Configuring this deployment just requires you populate your list of servers in the configuration file /etc/sos.conf, or ~/.sos.conf:

 # Comments are fine
 http://node1.example.com:1234
 http://node2.example.com:1234
 http://node3.example.com:1234
 http://node4.example.com:1234

NOTE Don't forget to schedule the sos replicate command in cron to ensure that you do indeed have replicas of your content!

When one store isn't enough

When you have sufficiently many objects that they will no longer fit upon a single blob-server you can add more blob-server nodes:

  • The original store, along with a pair of mirrors.
    • blob-server1
    • blob-server2
    • blob-server3
  • A second store, along with a pair of mirrors.
    • blob-server4
    • blob-server5
    • blob-server6

The naive implementation of the api-server means that operations would work as you expect, but operations would be slower and would take longer:

  • Any upload operation would be tried upon each server in turn.
    • If it fails it will be repeated on the next server.
  • A download will be tried against each server in turn.
    • When a download operation succeeds the data is returned to the caller.

For example an upload operation would be tried upon each of these nodes:

  • blob-server1
    • This would fail; the server is full.
  • blob-server2
    • Because this is a replica-node it has the same data as blob-server1, so it is full, and the upload would fail.
  • blob-server3
    • Because this is a replica-node it has the same data as blob-server1, so it is full, and the upload would fail.
  • blob-server4
    • This is the new node, designed to add capacity.
    • It is not full, so the upload succeeds.

The case of downloading an object is similar, although statistically because the first three blob-servers are full it is more likely that they hold the content you're requesting. Eventually though there will come a point in time where you're trying to download something from the second set and it takes "too long", because three irrelevant servers have been tried in turn.

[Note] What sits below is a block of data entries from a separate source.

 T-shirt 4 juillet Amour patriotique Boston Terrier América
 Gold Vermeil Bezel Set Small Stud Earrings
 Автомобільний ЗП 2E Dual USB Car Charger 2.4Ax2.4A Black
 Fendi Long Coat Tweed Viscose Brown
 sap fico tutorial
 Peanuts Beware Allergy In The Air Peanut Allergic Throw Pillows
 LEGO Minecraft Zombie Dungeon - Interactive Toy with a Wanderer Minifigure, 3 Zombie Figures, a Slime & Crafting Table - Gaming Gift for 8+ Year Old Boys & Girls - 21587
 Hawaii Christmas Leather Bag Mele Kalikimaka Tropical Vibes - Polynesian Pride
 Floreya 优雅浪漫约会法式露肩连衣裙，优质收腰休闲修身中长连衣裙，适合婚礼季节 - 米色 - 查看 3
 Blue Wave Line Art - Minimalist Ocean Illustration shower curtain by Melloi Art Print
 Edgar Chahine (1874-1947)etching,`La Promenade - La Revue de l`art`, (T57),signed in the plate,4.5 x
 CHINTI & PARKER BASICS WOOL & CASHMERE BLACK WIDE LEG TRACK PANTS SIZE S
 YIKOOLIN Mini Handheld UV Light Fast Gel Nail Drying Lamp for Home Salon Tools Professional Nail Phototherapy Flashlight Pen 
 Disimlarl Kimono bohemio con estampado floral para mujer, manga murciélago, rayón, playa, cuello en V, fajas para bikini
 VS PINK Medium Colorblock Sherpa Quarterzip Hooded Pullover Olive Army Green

There are two solutions that can be employed here:

  • We can realize download operations are more common, and maintain an index:
    • Object foo lives on blob-server1
    • Object bar lives on blob-server4
    • This doesn't solve the problem of uploads being tried too many times, but certainly speeds up downloads.
  • We can realize that the first three servers belong to a logical group.
    • So rather than iterating over blob-servers we iterate over groups.

Of the two solutions the second is cleaner, because it doesn't rely upon maintaining state, and it solves the problem of both uploads and downloads.

To define your relationships you merely need to update your configuration file /etc/sos.conf (or ~/.sos.conf) to list "groups" of hosts. When that is done storage and retrieval will operate in terms of groups rather than in terms of hosts.

In our example above we defined two groups:

  • blob-server1 - First server.
    • blob-server2 - Replicated copy of the previous server.
  • blob-server3 - Second server.
    • blob-server4 - Replicated copy of the previous server.

We'd define that by updating our configuration file to read:

 [1]
 -: http://blob-server1.example.com:1234
 -: http://blob-server2.example.com:1234

 [2]
 -: http://blob-server3.example.com:1234
 -: http://blob-server4.example.com:1234

With this in place an upload operation will try the first server from the first group, then the first server from the second group.

This allows efficient scaling, since the potential number of attempts is bounded by the number of groups, and not the number of servers.

Real World Usage

In my personal deployment I have five sets of three servers, hosting in excess of 5 million objects. Things work well.

(I have so many servers because the disk-space allocated to each is pretty small.)